# TASK TO CARRY OUT
Restate word for word the lines from the one bearing "Cute Kinder Boho" through the end of the entries below, and leave every picture out.

# RECORDS FOR THIS EXERCISE
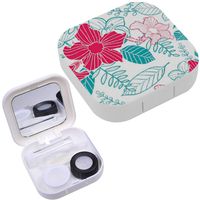 Portable Contact Lens Case Box Travel Kit Mirror + Bottle + Tweezers Container Holder [ Flower ]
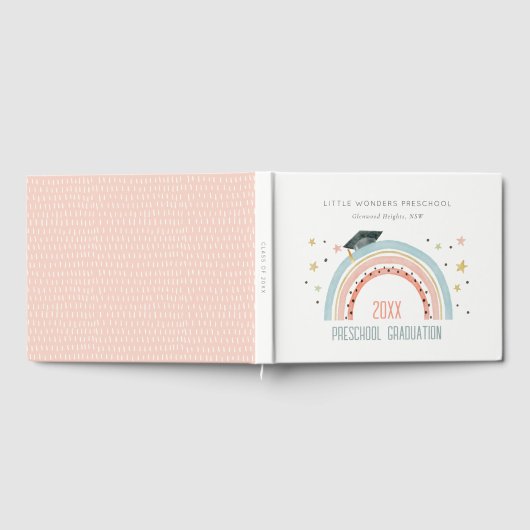 Cute Kinder Boho Rainbow Stars Preschool Afstudere Gastenboek (Volledig)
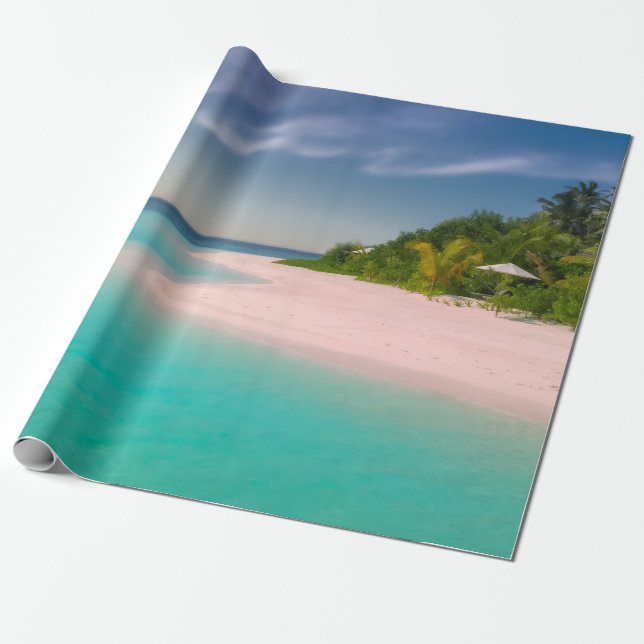 Aquamarine Ocean Tropical Beach Scenic Wrapping Paper (Unrolled)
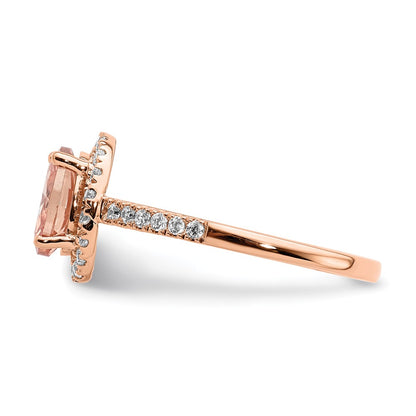 Pure Serenity 14k Rose Gold 1/3 Ct. Lab Grown Diamond VS/SI+ G+ and Oval Morganite Halo Engagement Ring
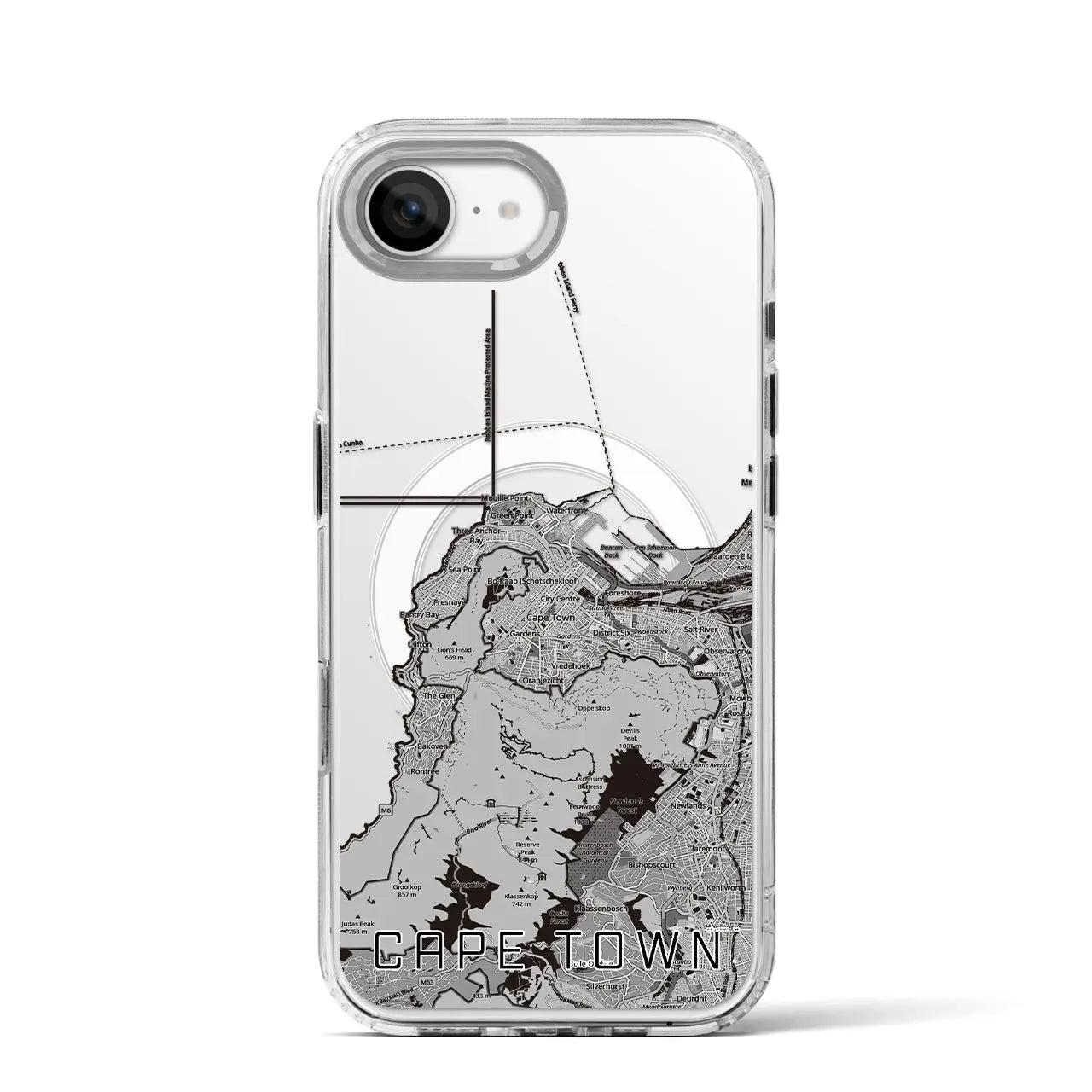 【ケープタウン(南アフリカ)】地図柄iPhoneケース(MagSafeタイプ)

# THE ANSWER
 Cute Kinder Boho Rainbow Stars Preschool Afstudere Gastenboek (Volledig)
 Aquamarine Ocean Tropical Beach Scenic Wrapping Paper (Unrolled)
 Pure Serenity 14k Rose Gold 1/3 Ct. Lab Grown Diamond VS/SI+ G+ and Oval Morganite Halo Engagement Ring
 【ケープタウン(南アフリカ)】地図柄iPhoneケース(MagSafeタイプ)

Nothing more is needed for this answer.